Au Rwanda, Macron ne s'est pas excusé aussi du rôle de la France, lors du génocide des Tutsi, qui avait fait près d'un million de morts en 3 mois. Au mémorial du génocide de Kigali, l'hôte de l'élysée a usé de quelques ellipses et arrangements avec le passé, pour réussir son examen de passage dans un pays où la mémoire de la présence française reste vive. Il a résumé le drame par l'ignorance de la France d'avoir été «aux côtés d'un régime génocidaire», avant de reconnaître «l'ampleur de nos responsabilités» et d'appeler «ceux qui ont traversé la nuit de nous faire le don de nous pardonner».
Là où les États-Unis, la Belgique et l'ONU avaient exprimé leurs excuses depuis la fin des années 1990, Macron a choisi, lui, d'user d'une gymnastique linguistique terrible pour éviter le pardon, en demandant aux victimes de le lui accorder.
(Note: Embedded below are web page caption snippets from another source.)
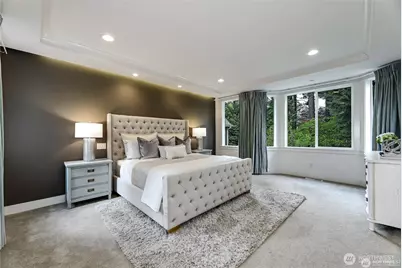 9818 NE 24th Street, Bellevue, WA 98004 - Photo 19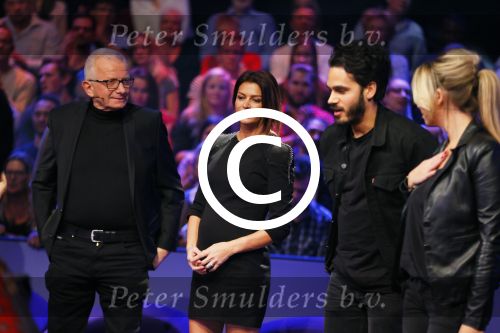 Aalsmeer 20 november 2015
Sabia Boulahrouz zwanger in het programma Mindmasters van SBS6.
Mindmasters Live, Uri Geller, Walter Rolfo, Patty Brard  Wolter Kroes Jochem v Gelder Peter R de Vries Boer geile Geert Monique Smit Patty Brard Kay nambiar en K# Lisa Michels. Kim LIan v d Meij presenteert het in studio Aalsmeer.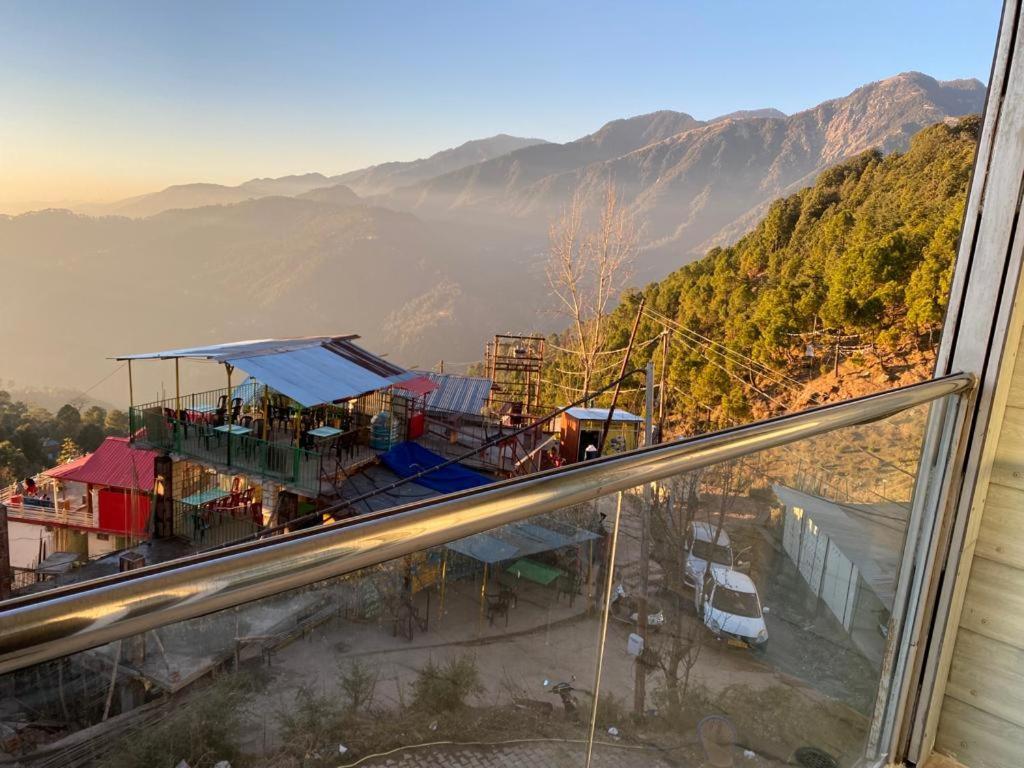 Vakratunda Hotel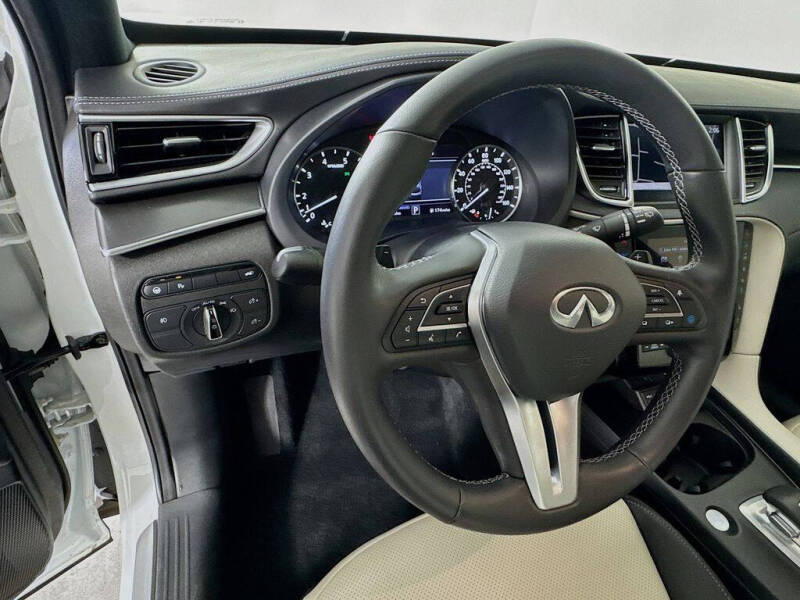 2025 Infiniti QX55 Essential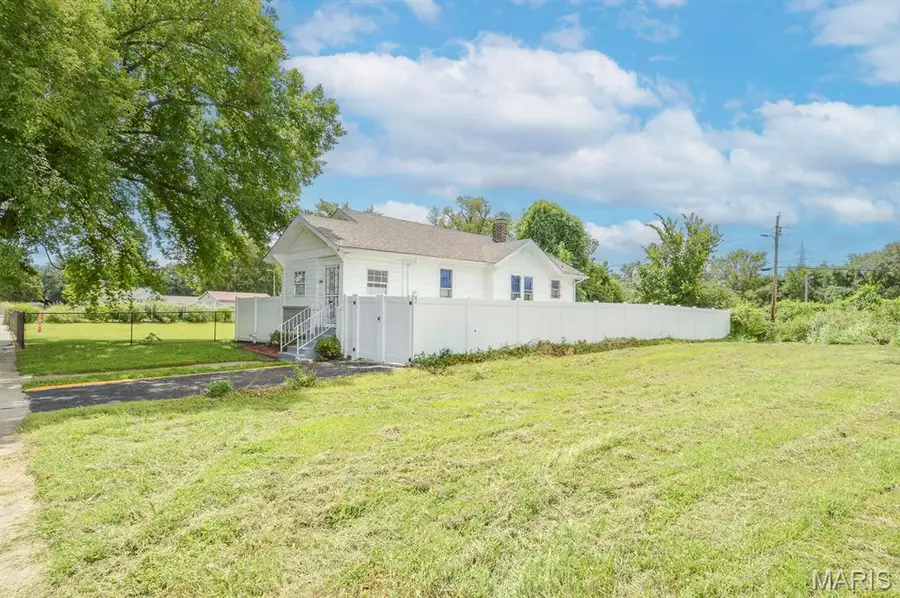 1848 Gaty Avenue, East Saint Louis, IL 62205 - #3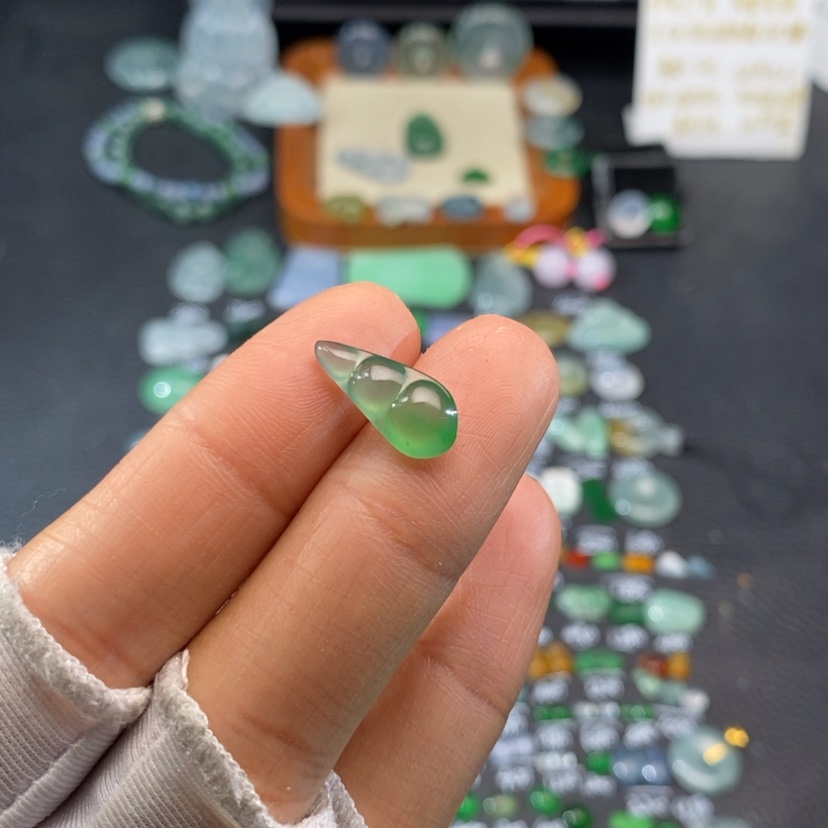 【闪购商品】翡翠挂件未镶嵌豆子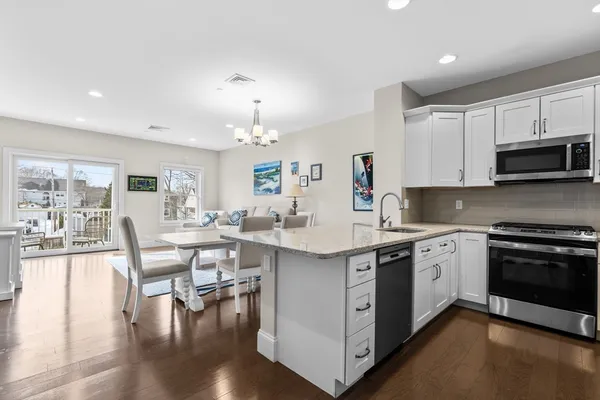 $515,000 | 441 Essex Street, Unit 202, Swampscott, MA 01907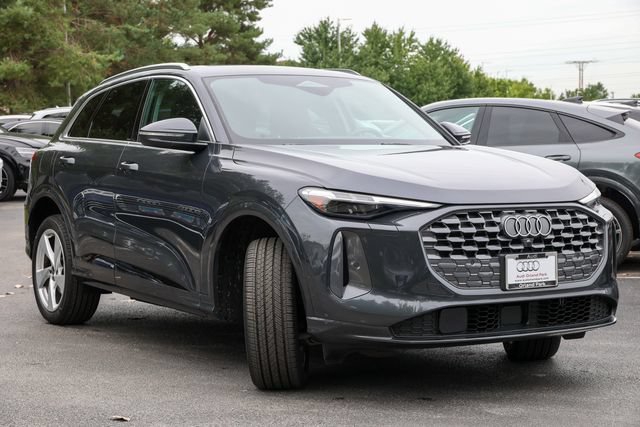 Used 2025 Audi Q5 Premium Plus w/ Premium Plus AWD/4WD image 27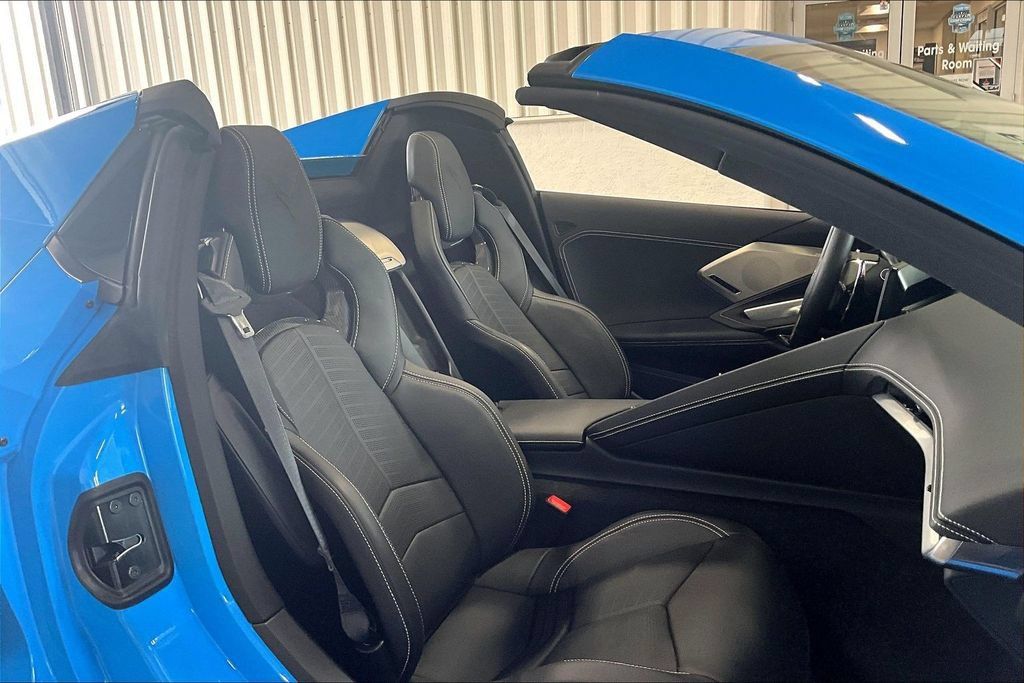 Used 2024 Chevrolet Corvette Z06 RWD image 17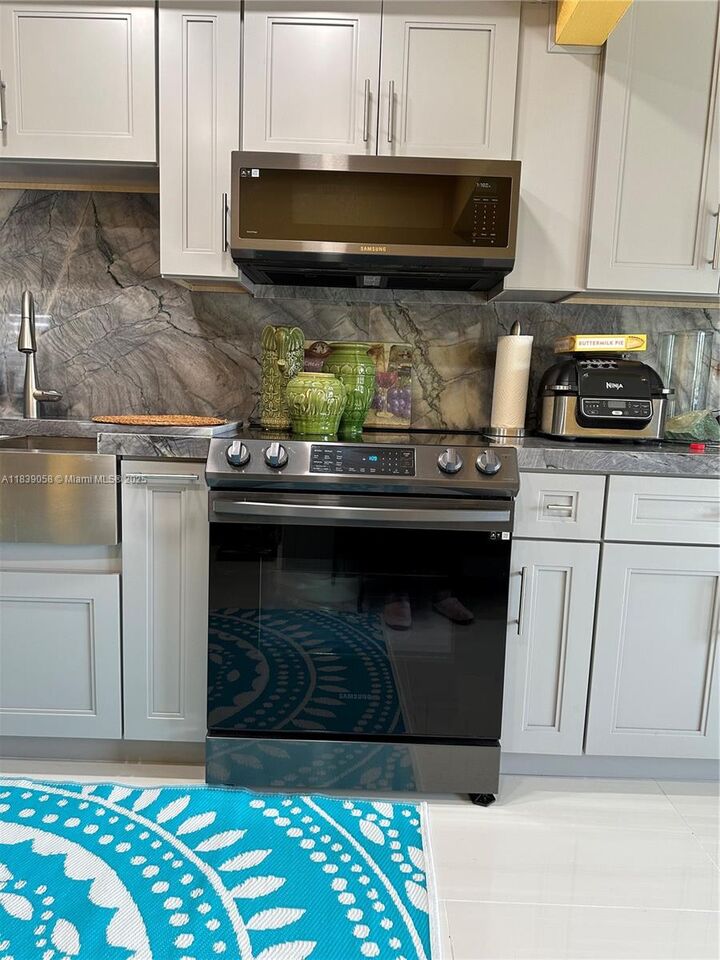 Property Photo: 15481 SW 81st Cir Ln 712 FL 33193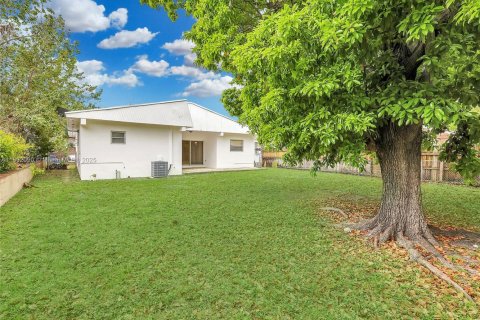 Casa en alquiler en Miami Beach, Florida, 3 dormitorios, 172.33 m2 № 1944170 - foto 29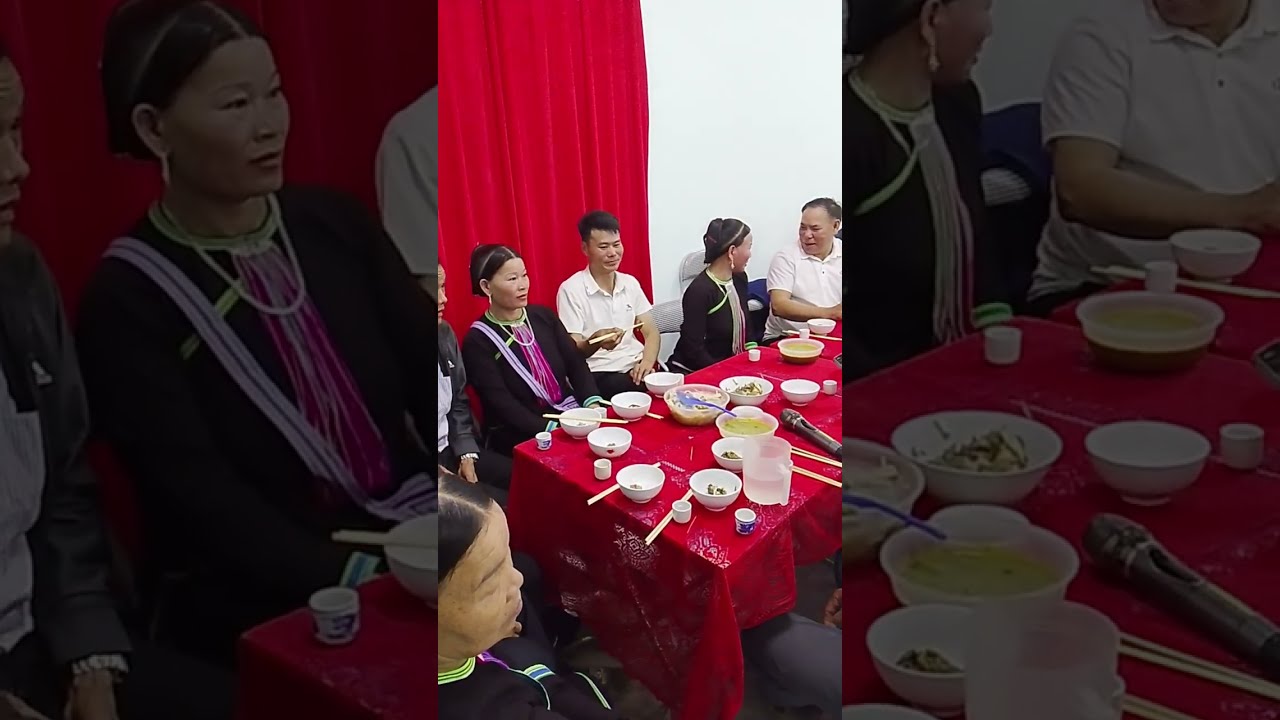 Hát đối đáp trong ngày múa xòe Huổi Só 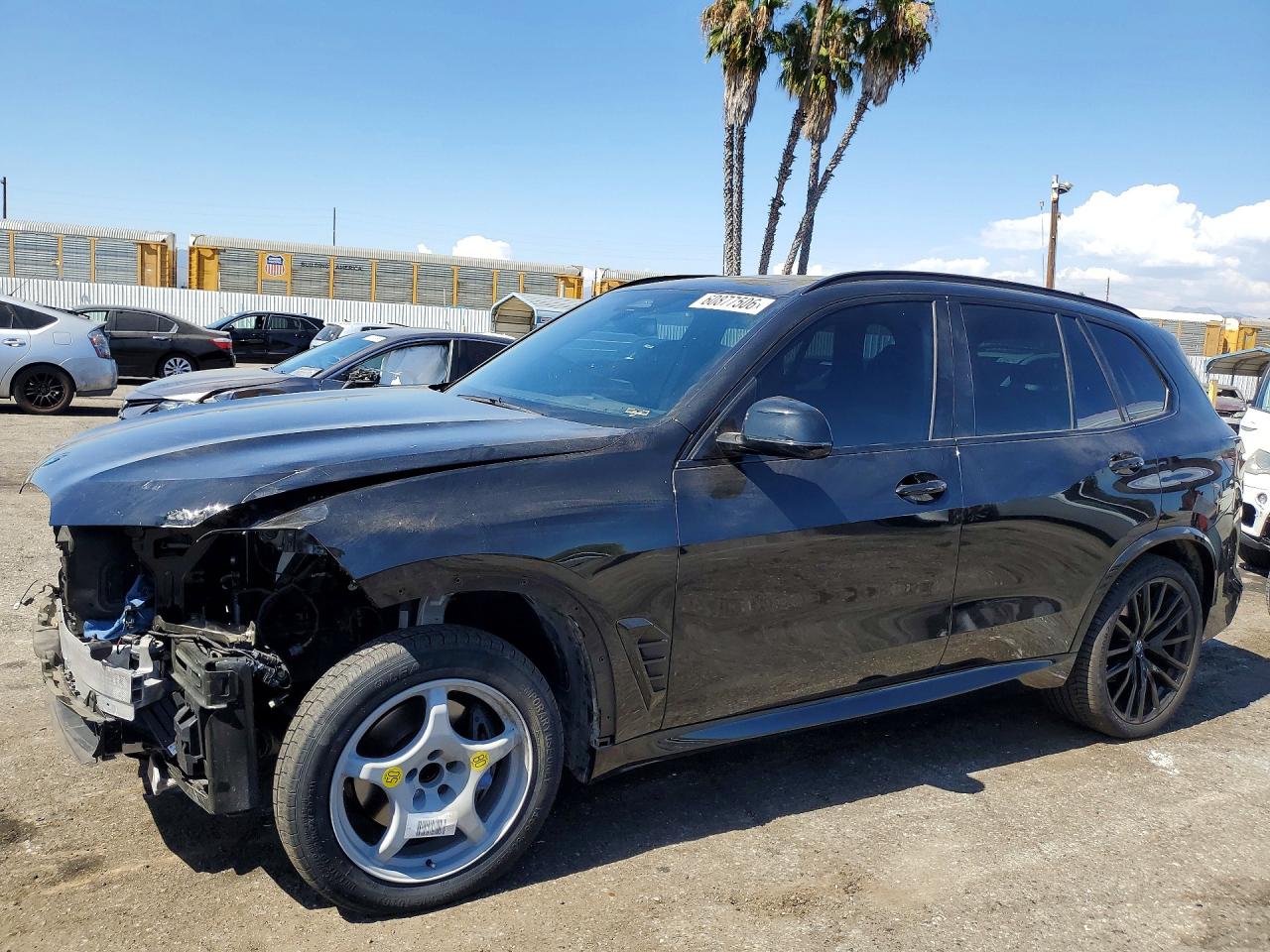 2024 BMW X5 sDrive40i, VIN 5UX13EU01R9U74727 — Front end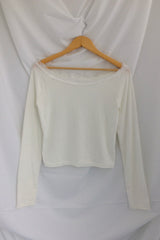 フェミニンフラットネックロングTシャツ
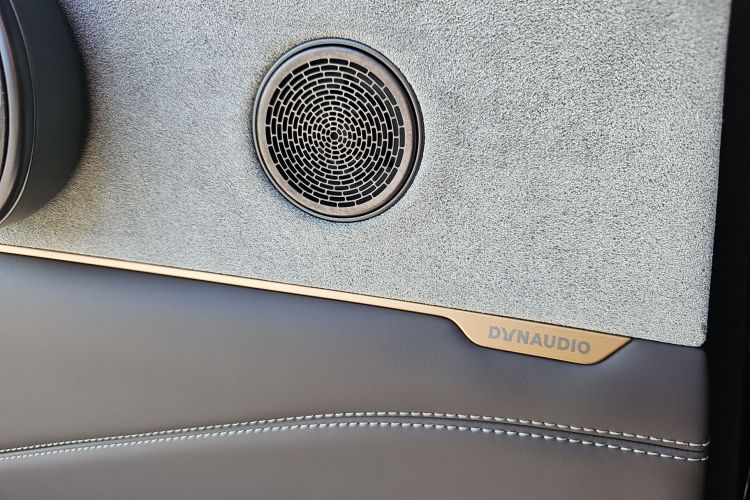 BYD Frigate 07 2023 #13 BYD Frigate 07 2023 car image #13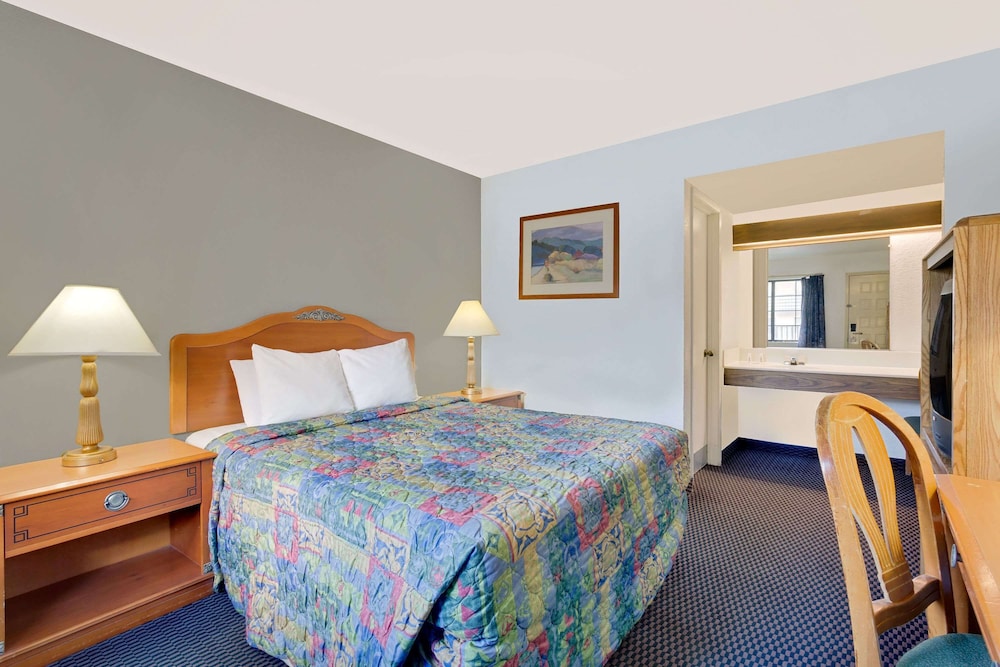 Days Inn & Suites By Wyndham Needles 16/30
L'équilibrisme choisi par Emmanuel Macron ne dupe personne. Le président qui a trouvé des motifs dédouanant la France de ses responsabilités, semble oublier que le pardon se demande clairement, avant d'espérer qu'il soit octroyé.
Mais peut-on être surpris des déclarations du président français, lorsqu'on sait que ce dernier, obnubilé par le rendez-vous d'avril, s'est lui-même dédit? Il avait bien reconnu en 2017 que la colonisation française en Algérie était «un crime contre l'Humanité», avant de virer à 180°, en tentant de balayer d'un revers de la main les 132 ans de crimes, enfumades et massacres commis par la France coloniale.
Il est vrai que concernant la repentance, les chefs d'Etat français ne s'y sont risqués qu'avec une prudence plus que millimétrée. Mais ces derniers, il faut le leur reconnaître, sont restés constants. En 2003, Jacques Chirac avait appelé à «regarder le passé en face, d'un côté comme de l'autre». Nicolas Sarkozy, lui, a condamné le système colonial, «injuste par nature», tout comme François Hollande qui a reconnu «les souffrances que la colonisation a infligées au peuple algérien». Emmanuel Macron, lui, a été le président qui s'était rapproché le plus de la vérité, en parlant de crime contre l'Humanité avant de sombrer, il y a quelques jours, dans le délire des Zemmour et Le Pen, en s'attaquant à l'Algérie et son Histoire.
Mais si les présidents français ne demandent pas pardon, les chefs d'Etat d'autres pays l'ont fait comme l'Allemagne, la Turquie ou encore le Canada.
Ce n'est pas pour autant que ces pays auront «honte d'eux-mêmes», comme le prétend le président français. Bien au contraire, c'est tout à l'honneur de ces nations.